An exact, complete printout of the listing is wanted, minus its images.

━━ Exercise data ━━

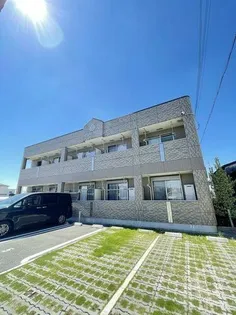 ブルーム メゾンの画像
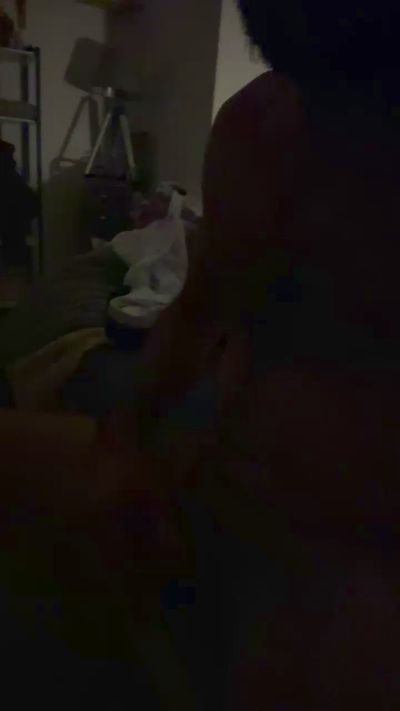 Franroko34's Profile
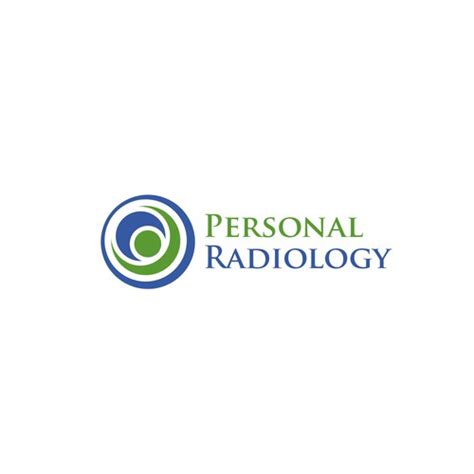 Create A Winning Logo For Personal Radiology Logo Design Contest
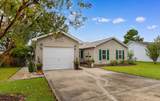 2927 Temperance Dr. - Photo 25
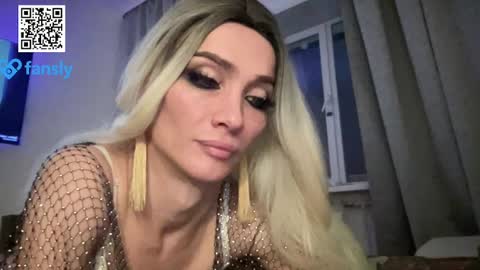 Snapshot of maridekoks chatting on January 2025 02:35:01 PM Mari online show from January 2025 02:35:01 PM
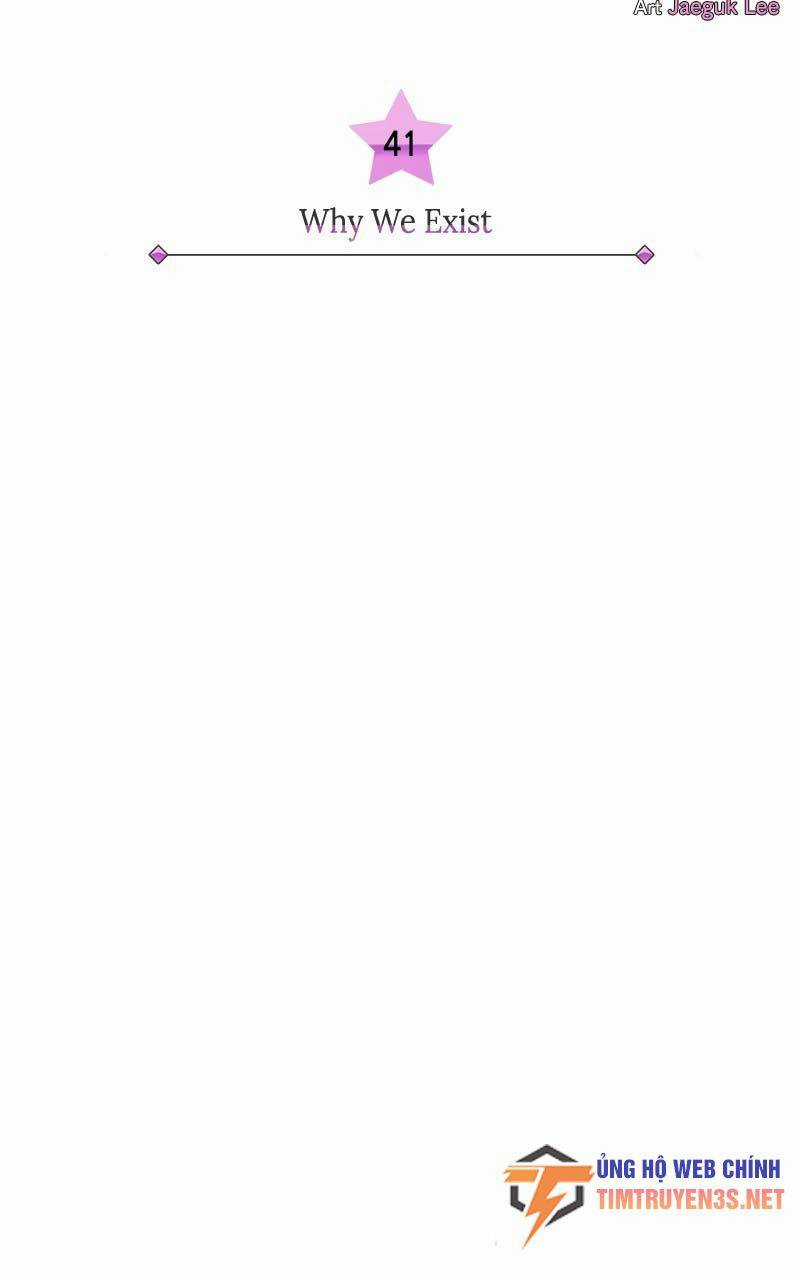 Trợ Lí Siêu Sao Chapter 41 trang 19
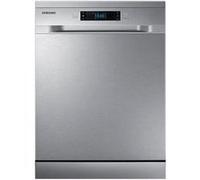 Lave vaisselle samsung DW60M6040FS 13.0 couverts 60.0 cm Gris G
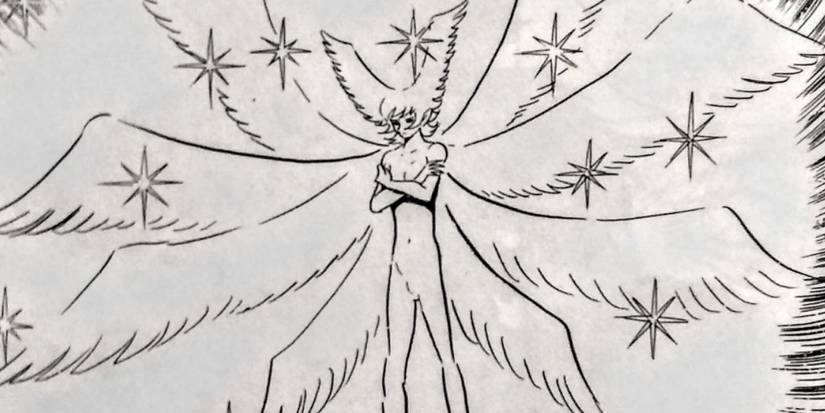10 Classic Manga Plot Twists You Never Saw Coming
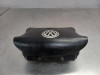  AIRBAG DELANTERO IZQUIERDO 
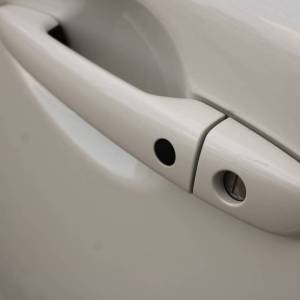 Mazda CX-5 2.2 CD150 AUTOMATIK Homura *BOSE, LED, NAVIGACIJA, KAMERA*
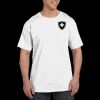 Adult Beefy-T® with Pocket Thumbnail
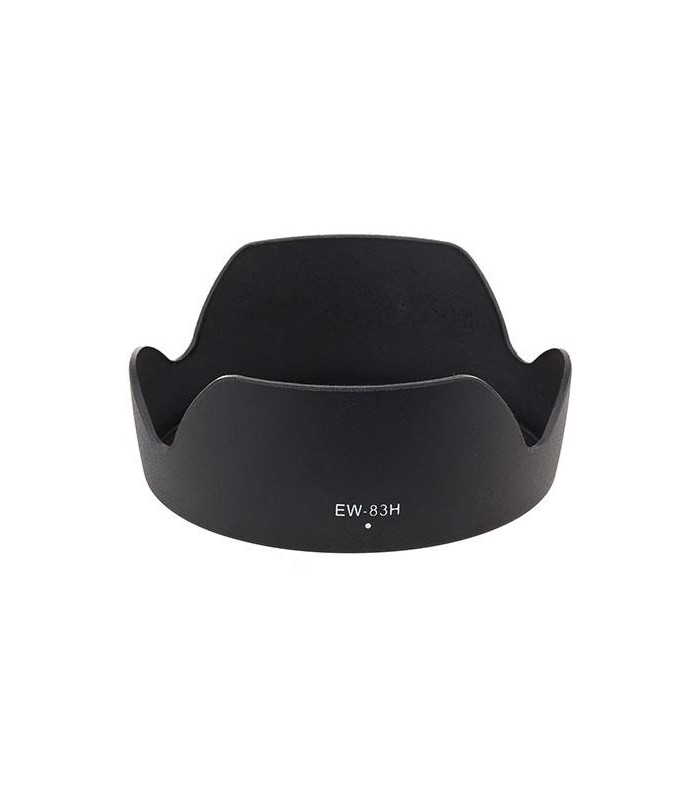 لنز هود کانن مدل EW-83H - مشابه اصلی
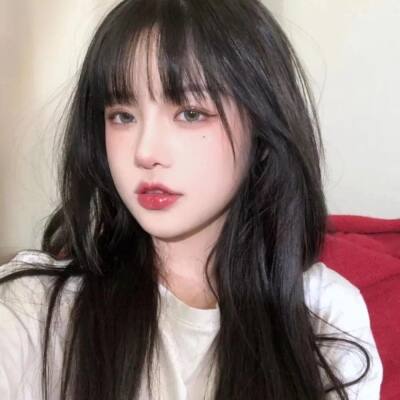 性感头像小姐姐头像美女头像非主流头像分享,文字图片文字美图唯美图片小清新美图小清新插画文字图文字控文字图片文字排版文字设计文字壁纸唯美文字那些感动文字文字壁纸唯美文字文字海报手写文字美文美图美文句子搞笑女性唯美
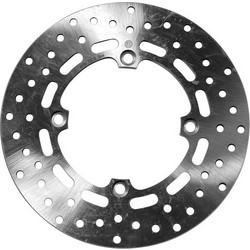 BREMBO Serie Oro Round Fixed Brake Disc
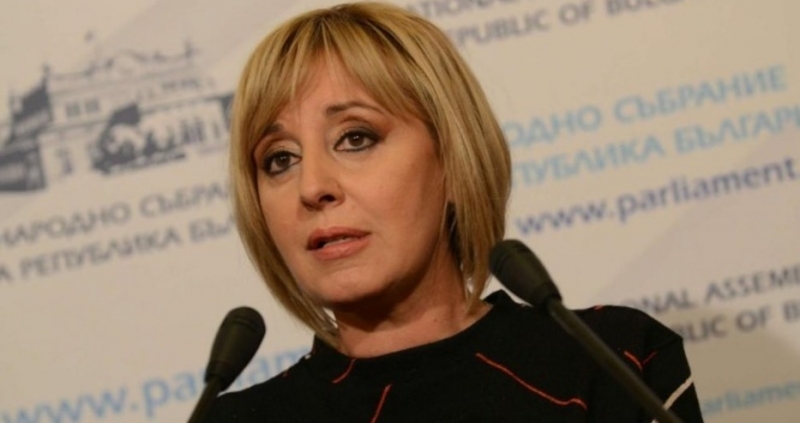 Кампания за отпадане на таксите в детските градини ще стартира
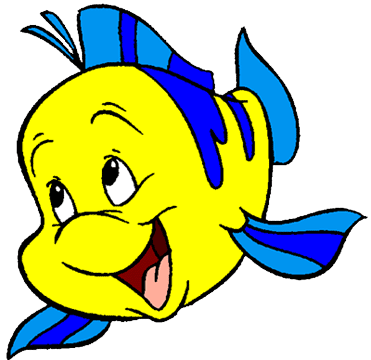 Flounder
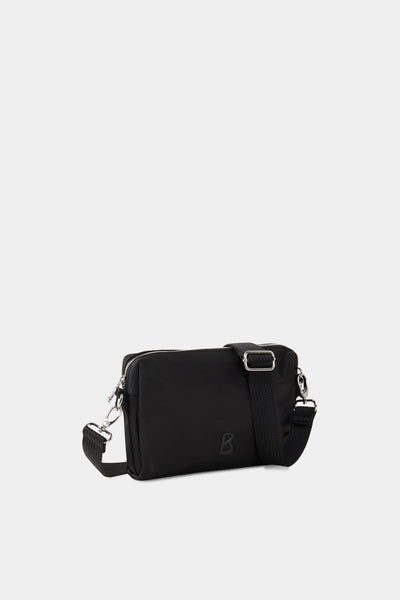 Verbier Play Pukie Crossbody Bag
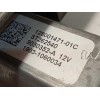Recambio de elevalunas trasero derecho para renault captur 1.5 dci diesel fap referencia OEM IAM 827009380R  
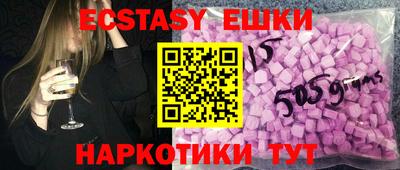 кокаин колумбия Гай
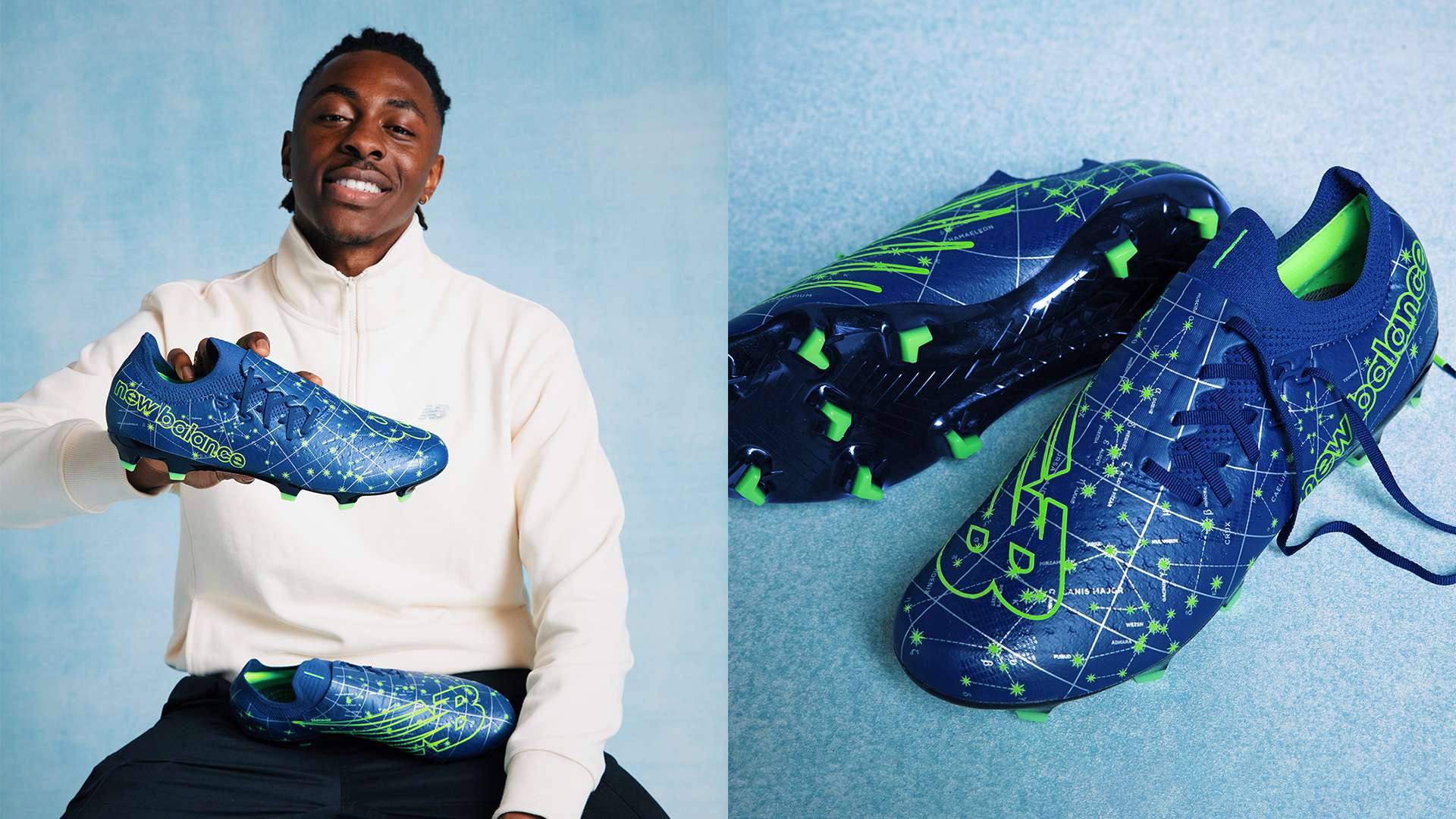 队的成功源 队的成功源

━━━

▶ [Reply to the exercise]
 ブルーム メゾンの画像
 Franroko34's Profile
 Create A Winning Logo For Personal Radiology Logo Design Contest
 2927 Temperance Dr. - Photo 25
 Snapshot of maridekoks chatting on January 2025 02:35:01 PM Mari online show from January 2025 02:35:01 PM
 Trợ Lí Siêu Sao Chapter 41 trang 19
 Lave vaisselle samsung DW60M6040FS 13.0 couverts 60.0 cm Gris G
10 Classic Manga Plot Twists You Never Saw Coming
  AIRBAG DELANTERO IZQUIERDO 
 Mazda CX-5 2.2 CD150 AUTOMATIK Homura *BOSE, LED, NAVIGACIJA, KAMERA*
 Adult Beefy-T® with Pocket Thumbnail
 لنز هود کانن مدل EW-83H - مشابه اصلی
 性感头像小姐姐头像美女头像非主流头像分享,文字图片文字美图唯美图片小清新美图小清新插画文字图文字控文字图片文字排版文字设计文字壁纸唯美文字那些感动文字文字壁纸唯美文字文字海报手写文字美文美图美文句子搞笑女性唯美
 BREMBO Serie Oro Round Fixed Brake Disc
 Кампания за отпадане на таксите в детските градини ще стартира
 Flounder
 Verbier Play Pukie Crossbody Bag
Recambio de elevalunas trasero derecho para renault captur 1.5 dci diesel fap referencia OEM IAM 827009380R  
 кокаин колумбия Гай
 队的成功源 队的成功源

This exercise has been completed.